Great Work

http://paulgraham.com/greatwork.html

What are you excessively curious about — curious to a degree that would bore most other people? That’s what you’re looking for.

Four steps: choose a field, learn enough to get to the frontier, notice gaps, explore promising ones. This is how practically everyone who’s done great work has done it, from painters to physicists.

The second step is long and tedious though, full of uncertainty. Although curiosity as a heuristic is good. PG adds that desire and delight are also powerful motivators.

An interesting point in terms of making yourself a target for look is reading a lot, trying to dip your toes in many things that catch your interest. Theres no key to finding what you really like. This seems like a good method.

A field should become more interesting as you learn more about it

Obviously the most exciting story to write will be the one you want to read. The reason I mention this case explicitly is that so many people get it wrong. Instead of making what they want, they try to make what some imaginary, more sophisticated audience wants. And once you go down that route, you’re lost

What do you genuinely find interesting? Because there’s so many forces that can lead you astray this has to be the internal heuristic.

Finding something to work on is not simply a matter of finding a match between the current version of you and a list of known problems. You’ll often have to coevolve with the problem. That’s why it can sometimes be so hard to figure out what to work on. The search space is huge. It’s the cartesian product of all possible types of work, both known and yet to be discovered, and all possible future versions of you.

There’s no way you could search this whole space, so you have to rely on heuristics to generate promising paths through it and hope the best matches will be clustered. Which they will not always be; different types of work have been collected together as much by accidents of history as by the intrinsic similarities between them.

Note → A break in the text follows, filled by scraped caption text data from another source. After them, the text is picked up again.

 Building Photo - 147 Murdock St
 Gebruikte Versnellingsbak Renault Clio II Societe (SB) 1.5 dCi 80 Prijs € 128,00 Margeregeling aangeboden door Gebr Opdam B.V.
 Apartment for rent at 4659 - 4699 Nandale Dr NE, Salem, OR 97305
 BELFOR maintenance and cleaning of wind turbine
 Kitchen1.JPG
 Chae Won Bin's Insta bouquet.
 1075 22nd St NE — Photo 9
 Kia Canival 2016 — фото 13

Instead of making a plan and then executing it, you just try to preserve certain invariants.

Theres a focus in the post too about working on projecs. That you can have project level procrasination and daily procrasination, the former harder to see than the latter. Finishing projects as important. I have to say in my experience this is good advice. Finishing things makes the work not go to waste, often times the best stuff is at the end and also fortifies what commmitment to a project means internally.